### PROBLEM
Lines from the line with "El presidente del" to the line with "Nice Clock with Mirror Accents" in the entries below, and only those, must be output exactly, with both ends included.

### RECORDS FOR THIS TASK
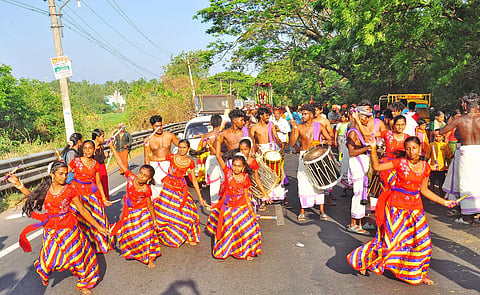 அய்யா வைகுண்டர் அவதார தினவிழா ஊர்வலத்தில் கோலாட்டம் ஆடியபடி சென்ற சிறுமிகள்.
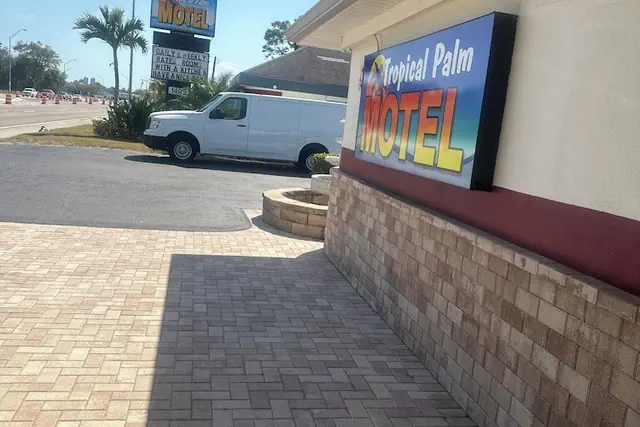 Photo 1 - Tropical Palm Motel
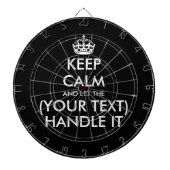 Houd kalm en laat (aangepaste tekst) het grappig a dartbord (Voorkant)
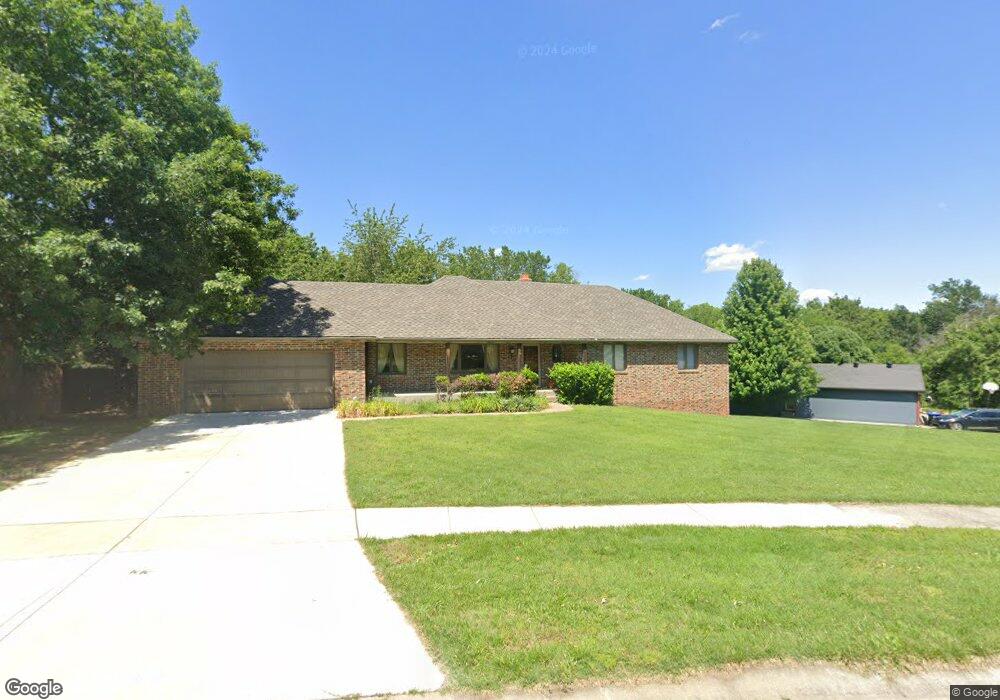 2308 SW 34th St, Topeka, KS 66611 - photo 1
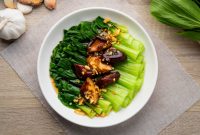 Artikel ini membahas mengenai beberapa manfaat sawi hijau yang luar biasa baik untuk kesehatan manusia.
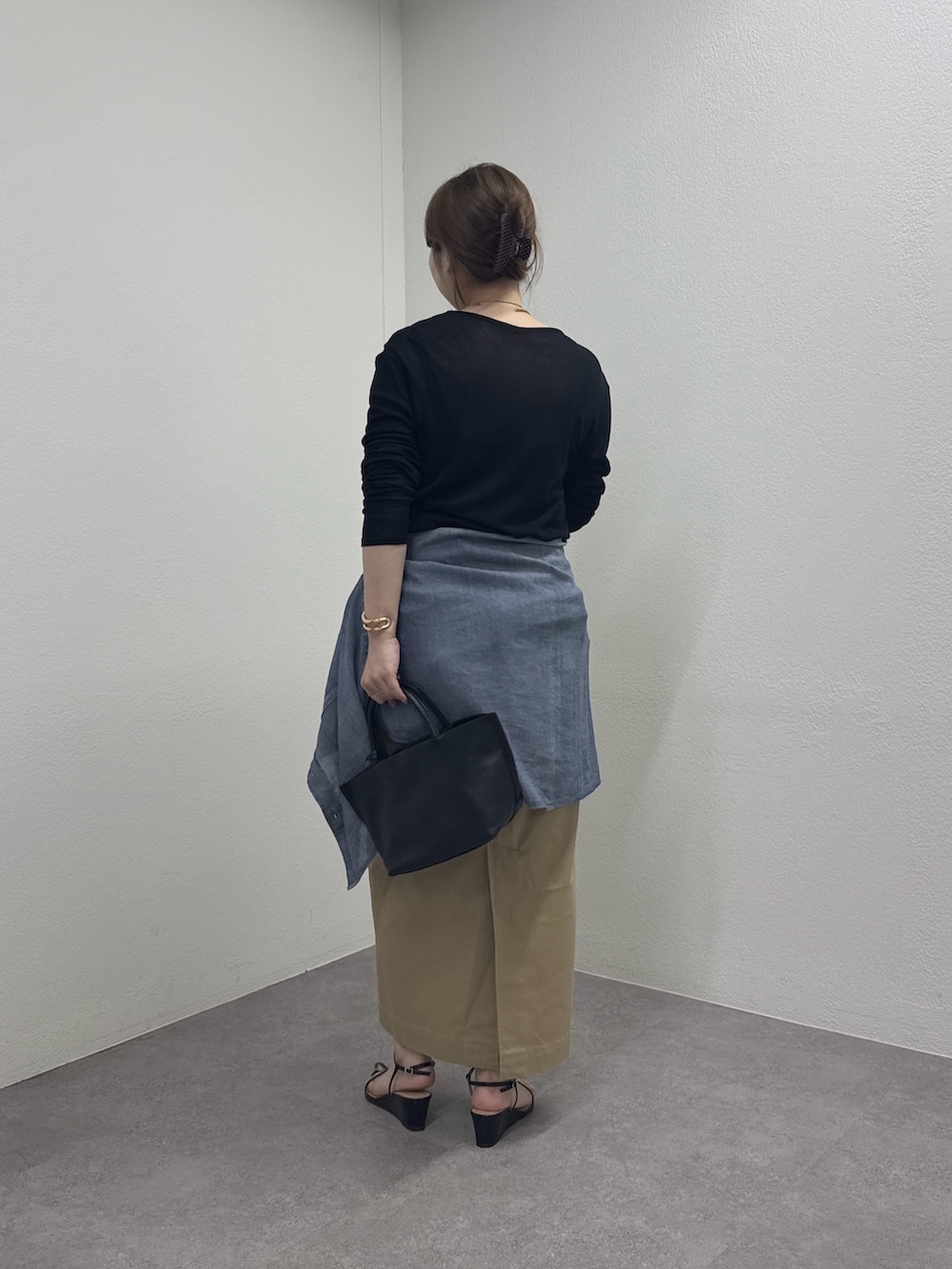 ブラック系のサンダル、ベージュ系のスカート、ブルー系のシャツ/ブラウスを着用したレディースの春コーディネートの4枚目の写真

* * *

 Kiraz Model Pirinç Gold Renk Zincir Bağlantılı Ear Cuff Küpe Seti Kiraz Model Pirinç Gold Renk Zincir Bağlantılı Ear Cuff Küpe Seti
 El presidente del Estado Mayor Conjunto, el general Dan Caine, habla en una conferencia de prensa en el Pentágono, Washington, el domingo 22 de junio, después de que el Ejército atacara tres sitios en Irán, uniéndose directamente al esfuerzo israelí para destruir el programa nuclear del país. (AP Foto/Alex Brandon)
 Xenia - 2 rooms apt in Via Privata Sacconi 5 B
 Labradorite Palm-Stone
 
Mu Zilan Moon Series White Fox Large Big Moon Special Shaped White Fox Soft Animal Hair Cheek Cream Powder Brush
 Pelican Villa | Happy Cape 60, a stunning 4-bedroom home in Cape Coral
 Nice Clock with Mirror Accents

--

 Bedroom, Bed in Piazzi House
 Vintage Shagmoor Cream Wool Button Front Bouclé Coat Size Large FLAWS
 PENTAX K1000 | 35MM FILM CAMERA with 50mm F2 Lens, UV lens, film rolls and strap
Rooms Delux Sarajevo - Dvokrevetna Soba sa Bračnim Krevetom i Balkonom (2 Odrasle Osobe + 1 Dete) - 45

### TASK ANSWER
 El presidente del Estado Mayor Conjunto, el general Dan Caine, habla en una conferencia de prensa en el Pentágono, Washington, el domingo 22 de junio, después de que el Ejército atacara tres sitios en Irán, uniéndose directamente al esfuerzo israelí para destruir el programa nuclear del país. (AP Foto/Alex Brandon)
 Xenia - 2 rooms apt in Via Privata Sacconi 5 B
 Labradorite Palm-Stone
 
Mu Zilan Moon Series White Fox Large Big Moon Special Shaped White Fox Soft Animal Hair Cheek Cream Powder Brush
 Pelican Villa | Happy Cape 60, a stunning 4-bedroom home in Cape Coral
 Nice Clock with Mirror Accents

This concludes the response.